U.S. gymnast Suni Lee said this week she’s still healing from a bout of anxiety and self-doubt after winning the women’s all-around gold medal at the Tokyo Olympics.
Lee was already a household name when she became a student at Auburn University last year, but the weight of expectations threatened her first college gymnastics season to the point that she told her coach, “I can’t do this.” She even questioned whether she deserved to win in Tokyo, attributing the negativity to “impostor syndrome.”
“I’m just letting my mind heal and my body heal still, because my life did change overnight and I definitely didn’t expect it,” she told HuffPost. “So when everything started coming at me, I put a lot of pressure on myself toward the end of the season. Now I’m going in with a fresh mindset. Because when I just go out and do what I normally do, I am unstoppable.”
If the 19-year-old sounds like she’s into self-affirmations, well, she is. She admits the practice sounds “cheesy” ― but writing and vocalizing positivity has helped. She reminds herself to keep her “keywords” at the ready.
“There’s no need to be, I guess, shy about talking about your goals, because if you start saying something enough, you believe it,” she added.
Lee, who also won Olympic silver in the team event and a bronze on the uneven bars, finished her collegiate season on a high note. She became the NCAA champion on the balance beam and took second in the all-around.
The gymnast has already begun fall classes and preparing for her sophomore season while juggling interviews on behalf of Invisalign. She said the teeth-aligner brand approached her after she got regular braces and she is now a user. Coincidentally, she said, she asked her parents for Invisalign when she was younger because she was “too insecure to smile or talk” and was told the family didn’t have enough money.
As for specifics on her possible Olympics future at the 2024 Paris Games, Lee’s representatives told HuffPost before her interview that she preferred not to discuss the topic (along with an attack last year in which she said she was pepper-sprayed and called racial slurs.) But NBC Sports recently reported that Lee attended a USA Gymnastics national team camp in July and “plans to return to elite gymnastics competition at some point ahead of” the Games.
Lee’s profile remains high in the Hmong community, an ethnic group from Vietnam, Laos and parts of China. Her home state of Minnesota has the greatest concentration of Hmong in the country.
“The Hmong community is so small, for them to have a role model to kind of lead the way for them is cool,” she said.
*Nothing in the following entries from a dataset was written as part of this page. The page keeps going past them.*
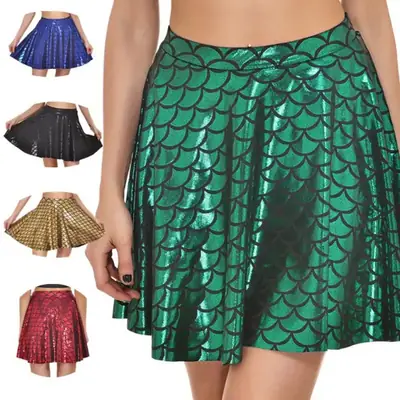 Elegant Women's Green Fish Scale Pleated Skirt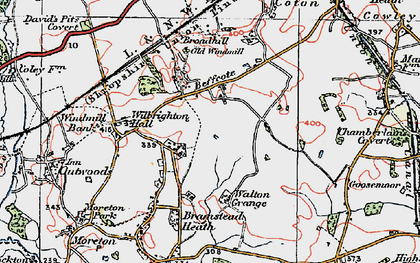 Old map of Bromstead Common in 1921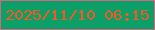 文字の大きさ：3、枠の色：cd6981、背景の色：0c9f68、文字の色：fa5624 無料ブログパーツのブログ時計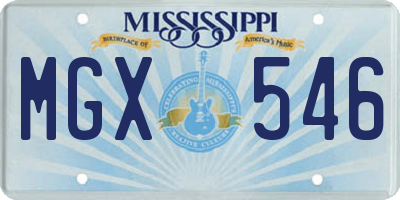 MS license plate MGX546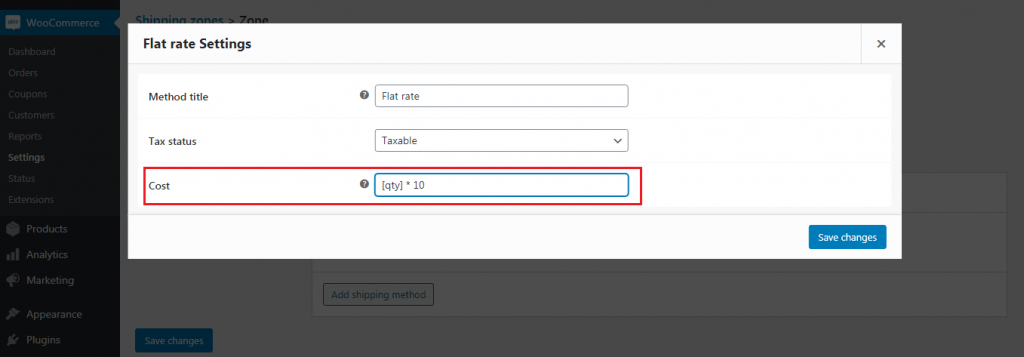Screenshot: Free shipping costs the customer nothing. You can require a minimum order amount.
Earlier this year, however, she felt betrayed when some in her community criticized her for dating a Black man, USC football player Jaylin Smith. “It was not the reaction I expected,” she recalled.
“I guess I just realized that people will always have an opinion on what you do, and I think I just let it get to me,” she said. “I couldn’t just stay quiet. I felt like because I have such a big voice in the community that it’s important to address it, because I know a lot of Hmong people aren’t going to be happy about it … but I know that a lot of younger Hmong people are in the same boat that I am.”